Perhaps the place to start in answering this question is to define the term. A restraint of trade is an agreement in terms of which one of the parties undertakes not to exercise his or her trade or profession in the field of the other party for a defined period of time. In return the person agreeing to the undertaking is paid an amount of money that is designed to reflect the price which the restraining party is prepared to pay to ensure that the person being restrained will not damage its business.

So, for example, if you work in the pharmaceutical industry and have been exposed to the development of certain drugs and you resign, your employer may feel that you could damage its business if you go to a competitor. So it may offer to pay you a specified amount of money not to join a competitor in the areas in which it operates for a specified period of time.

Alternatively, you may be in management and may be privy to certain strategic plans which your employer would not like its competitors to be able to adopt. Again the employer may pay you an amount to secure an undertaking from you that you will not work for a competitor within the area in which it operates for a certain period of time.

As the restraint payment is made to ensure that you are not able to exercise your skills it is a capital receipt and therefore not taxable in your hands. Similarly, because your employer has paid the restraint to you to protect its income earning structure the payment will not be taxable in its hands.

It is important, if the South African Revenue Services (SARS) is to accept that the receipt is not taxable, that the restraint is genuine. (You are obliged to reflect the receipt of your tax return in the section for non taxable receipts).

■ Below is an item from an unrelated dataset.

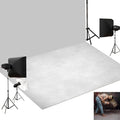 Kate Grey Floor Backdrop Photography Floor Mats Rubber Floor Wall Backdrop Newborn Photography Props Anti-Slip Rug for Photo Studio 5x4ft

For the restraint agreement to be genuine it must demonstrate that the payment will protect your employer's business. The restraint must therefore be enforceable. It is not sufficient that you merely agree not to compete. It is also important that you are able to demonstrate that you were in a position to be able to damage your employer's business.

The SARS is sensitive to the fact that taxpayers may try to treat lump sums that would have been taxable in their hands, for example leave pay accrued on termination of employment, as a restraint amount, albeit that the amount would cease to be deductible in the employer's hands. SARS often asks detailed questions about the restraint and other amounts that the taxpayer has received on resignation. Therefore it is important that any restraint paid is genuine and enforceable.

You need to be aware of this if you agree to accept a restraint of trade payment since, if it is enforceable, the restraint contract will limit your ability to earn income. It is important that the amount paid to you sufficiently compensates you for this fact.